O que, sim senhora, foi alterado foi o coeficiente de majoração
por localização e operacionalidade relativas (definido pelo CIMI assim na
alínea n) do nº2 do art. 43º: “Considera-se
haver localização e operacionalidade relativas quando o prédio ou parte do
prédio se situa em local que influencia positiva ou negativamente o respectivo
valor de mercado ou quando o mesmo é beneficiado ou prejudicado por
características de proximidade, envolvência e funcionalidade, considerando-se
para esse efeito, designadamente, a existência de telheiros, terraços e a
orientação da construção; (…)”). Ou seja, este critério de majoração, que
pode ser accionado quando a casa tenha uma boa / melhor orientação solar, por
exemplo, já existia, mas o máximo era de 0,05 e passou para 0,20. É um bocado,
que é.
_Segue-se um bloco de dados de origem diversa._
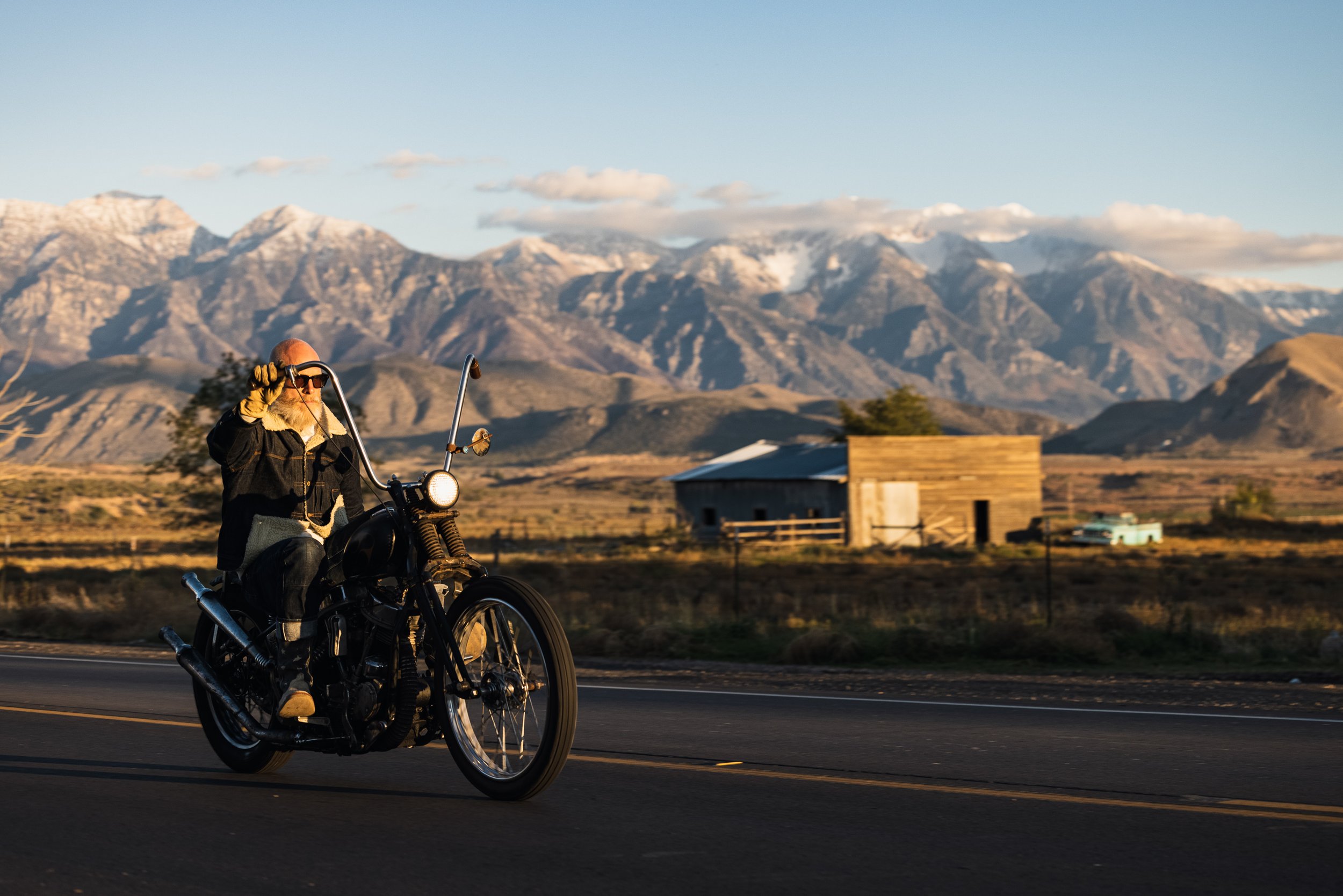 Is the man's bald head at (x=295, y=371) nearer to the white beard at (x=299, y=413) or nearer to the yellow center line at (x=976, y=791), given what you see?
the white beard at (x=299, y=413)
Mas note-se que o minorativo do mesmo item também aumentou de 0,05 para
0,10.
Ou seja, e na prática:
- O coeficiente de majoração por (boas) vistas não foi inventado
agora;
- Não aumentou o coeficiente de majoração por (boas) vistas, ficou
na mesma.
- O coeficiente máximo de majoração por boa exposição solar,
existência de terraços e até, vamos fazer uma interpretação simpática de
funcionalidade, situar-se num primeiro andar soalheiro em vez de cave (húmida,
bolorenta, infecta, escura, uhu, baixou Dickens em mim) aumentou
substancialmente, mas cabe ao órgão competente fixá-lo, concretamente; MAS
- O coeficiente máximo de minoração por má exposição solar, inexistência
de terraços e até, seguindo a mesma interpretação simpática de funcionalidade,
situar-se numa cave em vez de um
primeiro andar também aumentou, o que pode significar, na prática, desagravamento
fiscal para proprietários de casas nessas condições.
Tudo visto, e se é verdade que esta alteração pode conduzir a um aumento
de IMI para alguns proprietários (entre os quais eu, porca burguesa de fachada socialista,
proprietária de imóvel com terraço, que por acaso até faz parte da fracção, e cuja
área, portanto, já é considerada no cálculo de valor patrimonial); tal depende
da fixação em concreto do coeficiente a aplicar, o que cabe ao CNAPU – Comissão
Nacional de Avaliação de Prédios Urbanos (art. 43º nº3 e 62º nº1 al. c) do
CIMI), “com base em critérios dotados de
objectividade e, sempre que possível, com base em fundamentos
técnico-científicos adequados.”; sendo que a composição deste CNAPU é
muito diversa e até contempla representantes de proprietários e coiso (ver art.
61º). Caso o contribuinte não concorde com a avaliação do seu imóvel, pode
pedir segunda avaliação e, não se conformando com esta, impugnar judicialmente.
O normal, portanto.
Finalmente, estou preocupada? Um bocadinho. Vamos lá a ver. No
final, é o município que decide as taxas, sendo que o de Lisboa tem sido
simpático, ultimamente. Estou em pânico, pronta a vociferar contra este governo
malvado, lançando perdigotos de pura indignação? Não. Depois de me ter
informado convenientemente, não. Já dizia não sei quem, informação é poder. E,
caso suceda o pior, reclamar é dever. Mas já me poupavam essa maçada, vejam lá
isso, que se é para me agravarem o imposto por causa do terraço, também passam
a ir lá regar as plantas e varrer as folhinhas, boa?
[disclaimer: este texto baseia-se na leitura e comparação feita por mim dos diplomas legais, e numa interpretação pessoal mas o mais objectiva possível, embora não isenta de falhas ou crítica. por isso, caso as detectem, força aí.]